Much of the pressure on the coaching team emanates from poor decisions. Better decisions in relation to the captaincy and the replacement of injured players could have been taken and would probably have resulted in better outcomes. The coaching team has a poor record in this area, from its failure to pro-actively manage the bench to the remarkable call to arms issued to Paddy Wallace as he holidayed with his family in Portugal, despite the presence with the squad in New Zealand of at least one able alternative. Indeed that particular decision is now seen by many close to the squad as something of a watershed in the decline.
For years the Irish model of player management and strength and conditioning was cited as the template for others to follow. The clean bills of health of the Grand Slam campaign of 2009 and of Leinster's more recent Heineken Cup victories are now a distant memory however and a striking feature of recent performances has been our failure to assert any kind of sustained physical superiority over the full 80 minutes similar to the physical maulings we received, for example, from the English both this year and last.
Nor are our difficulties confined to the national team. While Ulster were sometimes impressive in their pool, Leinster were outmuscled twice by Clermont, and Munster only managed to stumble through on the final day. I won't be backing any Irish province to win either of the two European competitions. The sheer power of the major contenders, and particularly the French with their seemingly unlimited resources, appears to be too much for our teams to match right now.

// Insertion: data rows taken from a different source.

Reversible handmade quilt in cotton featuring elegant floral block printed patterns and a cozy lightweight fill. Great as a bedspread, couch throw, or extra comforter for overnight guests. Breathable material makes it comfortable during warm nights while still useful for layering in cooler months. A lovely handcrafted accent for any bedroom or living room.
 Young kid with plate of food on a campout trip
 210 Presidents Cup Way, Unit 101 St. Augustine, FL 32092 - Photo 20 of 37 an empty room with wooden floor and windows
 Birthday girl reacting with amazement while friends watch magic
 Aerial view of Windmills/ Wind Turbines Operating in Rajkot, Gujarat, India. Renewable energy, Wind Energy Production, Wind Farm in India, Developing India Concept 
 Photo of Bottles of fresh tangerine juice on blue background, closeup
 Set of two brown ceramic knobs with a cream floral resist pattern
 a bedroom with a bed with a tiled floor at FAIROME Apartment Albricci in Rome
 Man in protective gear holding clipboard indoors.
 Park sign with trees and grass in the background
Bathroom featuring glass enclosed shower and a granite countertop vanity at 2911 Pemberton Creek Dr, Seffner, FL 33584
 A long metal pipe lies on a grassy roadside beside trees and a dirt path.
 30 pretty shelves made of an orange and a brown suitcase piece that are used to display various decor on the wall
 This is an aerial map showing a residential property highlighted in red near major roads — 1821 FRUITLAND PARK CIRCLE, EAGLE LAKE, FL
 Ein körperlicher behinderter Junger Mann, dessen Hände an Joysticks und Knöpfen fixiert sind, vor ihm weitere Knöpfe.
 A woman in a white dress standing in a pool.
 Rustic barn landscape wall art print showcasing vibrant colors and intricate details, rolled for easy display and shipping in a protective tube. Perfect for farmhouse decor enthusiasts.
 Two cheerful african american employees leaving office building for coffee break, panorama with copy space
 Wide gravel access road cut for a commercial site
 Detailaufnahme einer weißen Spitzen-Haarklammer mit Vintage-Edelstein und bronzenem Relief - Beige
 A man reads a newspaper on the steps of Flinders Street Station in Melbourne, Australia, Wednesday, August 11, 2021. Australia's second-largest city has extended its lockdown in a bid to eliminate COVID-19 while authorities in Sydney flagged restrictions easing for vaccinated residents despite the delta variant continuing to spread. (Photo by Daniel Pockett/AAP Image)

There are a number of other areas of concern too. Non-availability of senior players, through retirement or injury, is an issue at both provincial and national levels, while the not unrelated issue of funding deficiencies looms ever larger; this is, after all, commerce, an environment in which the bigger tend to grow as the smaller struggle to retain their identity. New coaching teams don't come cheap, and the French have raised the ante for the top tier of players to levels at which we're simply unable to compete.
The real depth of our playing resources is another issue – we must not delude ourselves that we should sleep easily just because we've blooded a host of new players. To confuse quantity with quality would be a dangerous mistake.
There are too many positions, and not just in the front-row, where there's a dearth of quality back-up.
All of this comes at a time when the club game in Ireland is enduring more than its share of difficulties. While rugby has expanded well beyond its traditional heartlands, the numbers playing are thinly spread and fielding a second adult team is a weekly challenge for many clubs, some of the oldest in the country among them. There's a growing feeling within clubs that something has to happen. Sadly, there is little faith in the IRFU to make it happen. Indeed, the IRFU is seen to be preoccupied with the problems of the professional game as they 'march to the beat of the broadcasters', as former All Black Chris Laidlaw put it in his book Somebody Stole my Game.
But what, I wonder, if it transpired that something has already happened, and if the women's Grand Slam-winning team were to provide a lifeline for clubs up and down the country?
Their achievement this season, coupled with their dedication over several years, demonstrated all the qualities of elite amateur sport at its best. It also provides a real opportunity for innovative clubs to bring rugby's wonderful qualities and traditions to an entirely new audience. How ironic would that be?